FRIENDS and colleagues of Captain Pete Barnes, who was killed in a helicopter crash in London, have paid tribute to the former North East-based pilot.
Capt Barnes, who was married with children, spent several years in the region helping to save countless lives as a Great North Air Ambulance pilot, as well as becoming Metro Radio’s first ever “eye in the sky” traffic and travel presenter.
He died when the helicopter he was flying clipped a crane on top of one of Europe’s tallest residential towers before crashing near Vauxhall station.
The 50-year-old, who had worked as a stunt pilot in films such as Die Another Day, Saving Private Ryan and Tomb Raider II, was killed instantly.
Last night, police named the other person who died in the crash as pedestrian Matthew Wood, 39, from Sutton, south London.
A total of 12 people were also injured, including one person with a broken leg.
Commander Neil Basu, of the Metropolitan Police, said it was “a miracle” more people were not hurt. In one case of good fortune, it was reported that the crane driver avoided near-certain death because he was late for his shift and had not reached his cabin.
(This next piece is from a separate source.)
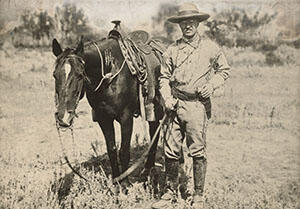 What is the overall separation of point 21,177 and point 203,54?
220 cm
Witnesses described hearing a loud bang and a flash of light as debris scattered and the aircraft crashed.
Last night, Kevin Hodgson, director of operations at the Great North Air Ambulance (GNAAS), told how he worked alongside Capt Barnes on “dozens” of life-saving missions during his eight years freelancing at the charity.
The 53-year-old said: “Pete was as good a guy as you can imagine and one of the best pilots I’ve ever had the pleasure of flying with. Over the years he will have flown on dozens of missions, no doubt saving lives along the way.
“Everyone at the charity is deeply saddened at this news. Our thoughts are with everyone affected by the tragedy.”